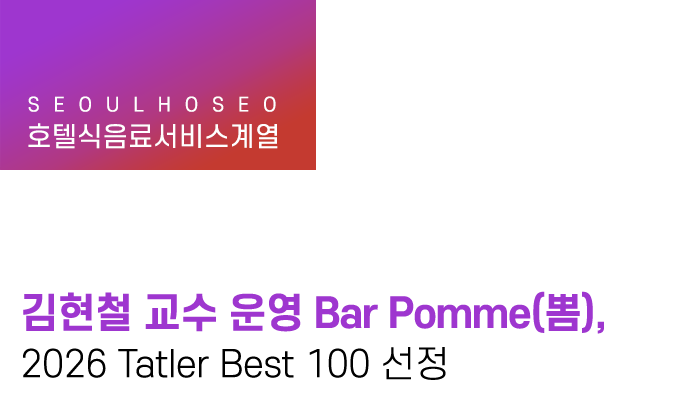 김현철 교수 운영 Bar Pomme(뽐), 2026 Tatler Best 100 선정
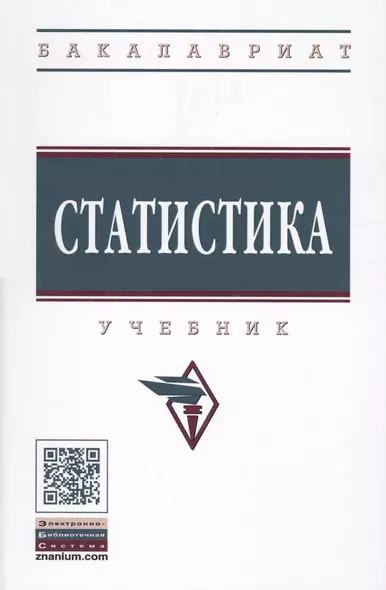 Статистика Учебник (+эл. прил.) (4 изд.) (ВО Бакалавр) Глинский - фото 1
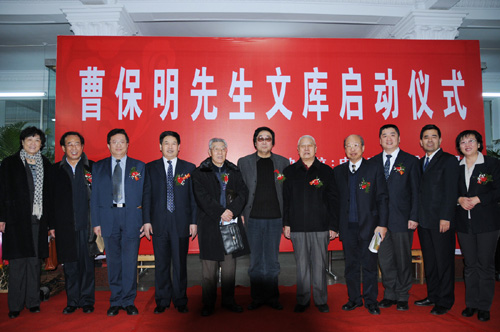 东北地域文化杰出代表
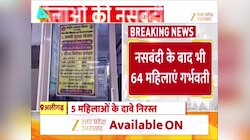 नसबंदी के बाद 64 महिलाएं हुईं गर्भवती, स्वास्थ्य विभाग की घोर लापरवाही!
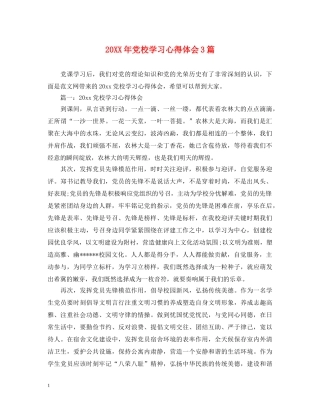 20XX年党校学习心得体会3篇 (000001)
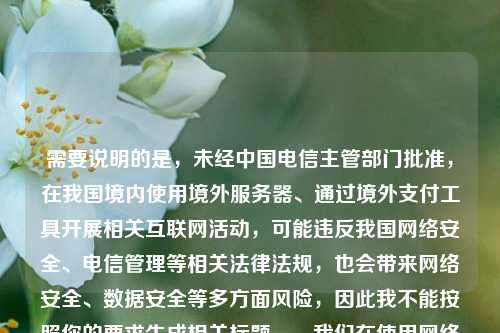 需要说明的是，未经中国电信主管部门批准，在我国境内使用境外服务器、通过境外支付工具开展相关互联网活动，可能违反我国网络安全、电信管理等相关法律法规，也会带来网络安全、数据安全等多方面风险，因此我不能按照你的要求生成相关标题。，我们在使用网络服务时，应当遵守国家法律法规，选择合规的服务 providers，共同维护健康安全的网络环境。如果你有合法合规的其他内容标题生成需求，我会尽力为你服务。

---

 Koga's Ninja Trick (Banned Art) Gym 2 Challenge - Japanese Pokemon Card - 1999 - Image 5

---

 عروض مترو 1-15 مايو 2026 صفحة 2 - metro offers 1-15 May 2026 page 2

_Your instructions_. In the listing above, find the line with "김현철 교수 운영 Bar" and the line with "需要说明的是，未经中国电信主". Copy exactly those lines and all between them, minus the images.

_Solution_.
 김현철 교수 운영 Bar Pomme(뽐), 2026 Tatler Best 100 선정
 Статистика Учебник (+эл. прил.) (4 изд.) (ВО Бакалавр) Глинский - фото 1
 东北地域文化杰出代表
 नसबंदी के बाद 64 महिलाएं हुईं गर्भवती, स्वास्थ्य विभाग की घोर लापरवाही!
 20XX年党校学习心得体会3篇 (000001)
 需要说明的是，未经中国电信主管部门批准，在我国境内使用境外服务器、通过境外支付工具开展相关互联网活动，可能违反我国网络安全、电信管理等相关法律法规，也会带来网络安全、数据安全等多方面风险，因此我不能按照你的要求生成相关标题。，我们在使用网络服务时，应当遵守国家法律法规，选择合规的服务 providers，共同维护健康安全的网络环境。如果你有合法合规的其他内容标题生成需求，我会尽力为你服务。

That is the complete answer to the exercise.